Ebersberg – Den ganzen November lang können 22 Veranstaltungen verschiedenster Art besucht werden. Wie schon im Jahr 2018 war und ist es auch heuer allen Partnern ein großes Anliegen, die Toleranzwochen wieder als Gemeinschaftsprojekt auf die Beine zu stellen, um so auch die gemeinsame Verantwortung aller Beteiligten in den Vordergrund zu stellen. Ganz ohne Eitelkeiten zog man hier an einem Strang. Vereinen, Ämtern, Aktionsbündnissen und die beiden Volkshochschulen im Landkreis waren und sind die Themen rund um die Toleranz äußerst wichtig. 
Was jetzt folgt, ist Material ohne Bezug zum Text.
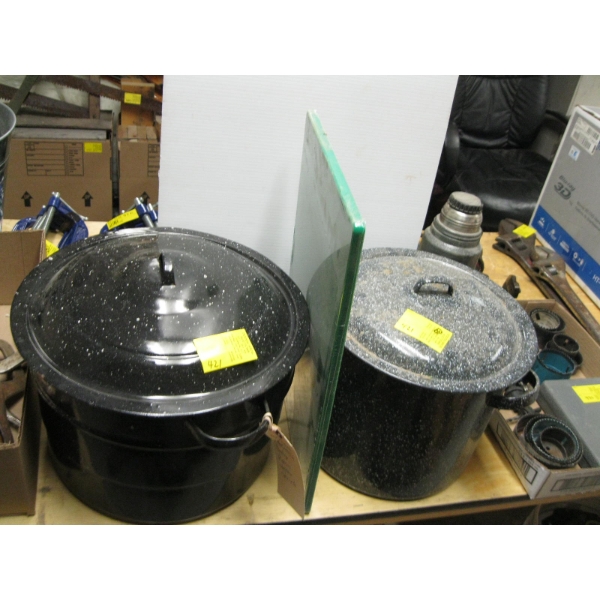 2 CANNERS, CUTTING BOARD & ACCESS.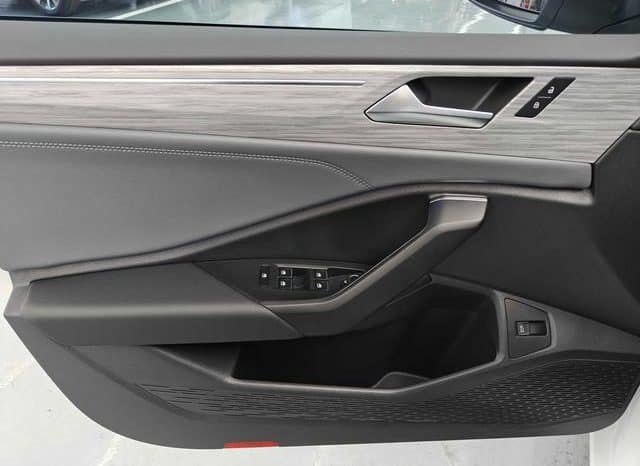 
								Volkswagen Jetta, 2024 full									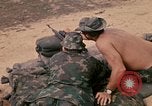 Image 23e Division d'infanterie Vietnam, 1971, de la seconde 38 séquences d'archives historiques vidéo 65675065955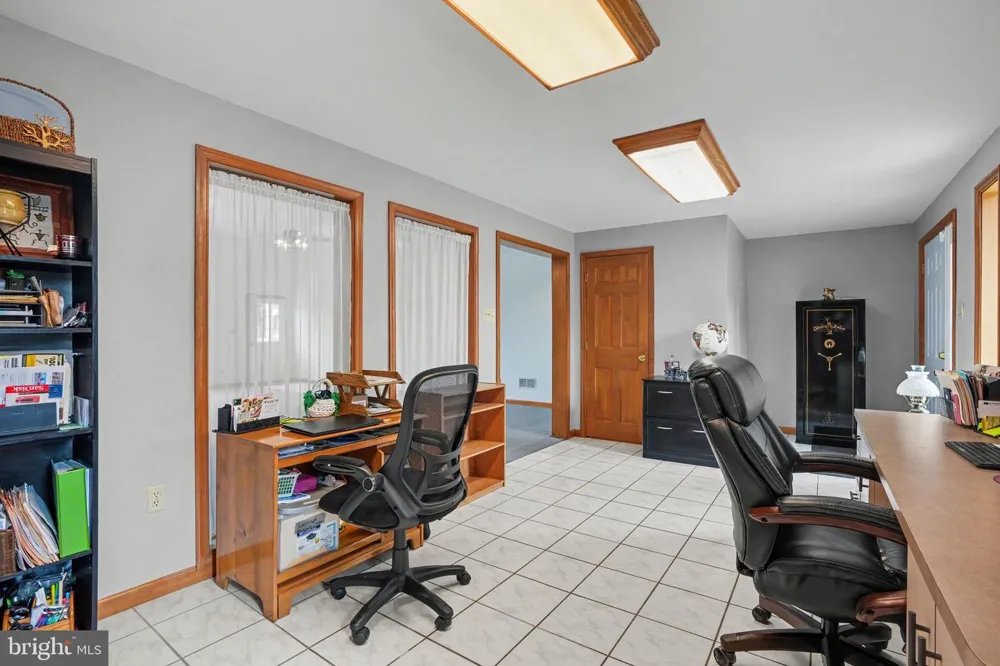 924 W TRINDLE ROAD Mechanicsburg, PA 17055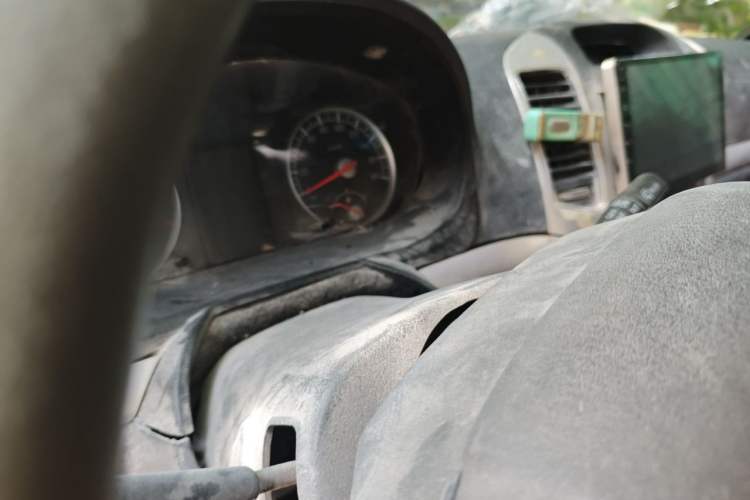 Used Golden Dragon Hiace  Odometer Close Up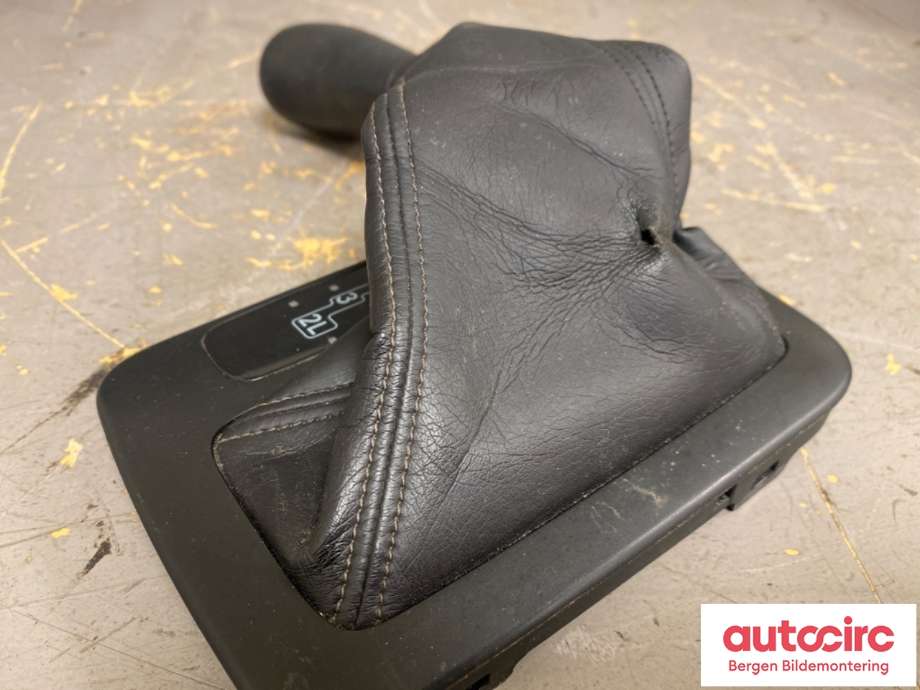 Girstang til Toyota Land Cruiser 120 2002-2009 (TOYOTA|)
So ist es auch für manch ehrenamtlich geführten Verein durchaus nötig, sich mit Planung und Organisation an einen größeren Partner anlehnen zu können. So betonte dies Angela Warg-Portenlänger (Aktionsbündnis gegen Rechtsradikalismus Bunt statt Braun), die sich wie viele andere Organisatoren bei der Pressekonferenz für die unkomplizierte Zusammenarbeit mit dem KBW herzlich bedankte. Bunt statt Braun zeigt auf einer Veranstaltung am 18. November gleich schwarz auf weiß, „dass sich eine Verschiebung der eher rechten politischen Einstellung Richtung Mitte zeigt“. Dazu stellte Julia Bissinger (Fachstelle Partnerschaft für Demokratie) gleich die richtige Frage in die Runde: „Welche Rolle kann der Einzelne in der Zivilgesellschaft hierzu einnehmen, was können wir alle gegen solche Entwicklungen tun?“ Genau das umrunden alle Veranstaltungen. Mit dem Workshop „Argumentationstraining gegen Stammtischparolen“ am 23. November vom Kreisjugendring Ebersberg und dem Bündnis Bunt statt Braun können Teilnehmer das auch gleich praktisch erlernen. Denn wie Philipp Spiegelberger vom Kreisjugendring treffend formuliert: 

„Welche Rolle kann der Einzelne in der Zivilgesellschaft einnehmen?“

„Solche Parolen kann man tagtäglich begegnen, in der S-Bahn, an der Supermarktkasse. Gegen solches Gedankengut muss man was tun“. Toleranz leben in der heutigen Gesellschaft ist nicht ganz so einfach. Und es tut gut hier sozusagen praktische Arbeitsanleitungen zu bekommen. Spannend dürfte auch eine Veranstaltung von der vhs Vaterstetten sein, die Prof. Dr. Günther von Lojewski für einen Vortrag gewinnen konnte. Das Urgestein des Journalismus, Erfinder des heute-journals, spricht über den Fall der Mauer vor 30 Jahren und reflektiert über die Frage: „Wie ist das denn heute mit der grenzenlosen Freiheit?“ Für die Auftaktveranstaltung wünschen sich alle Organisatoren ganz viele Besucher, ist es doch die einzige Veranstaltung, wo alle gemeinsam auftreten und vor allem feiern. Mit diesem gemeinsamen Kulturfest, bei dem auch Christian Springer, der bekannte Kabarettist einen Auftritt haben wird, sollen alle die Vielfalt unserer heutigen Gemeinschaft spüren können, auf „die sich unsere Zukunft gründet“. Auf humoristisch-nachdenkliche Weise lädt Springer zum Nachdenken über das Thema Toleranz ein. Es folgen weitere Künstler und viel Musik, für ein wenig kulinarisches ist auch gesorgt. 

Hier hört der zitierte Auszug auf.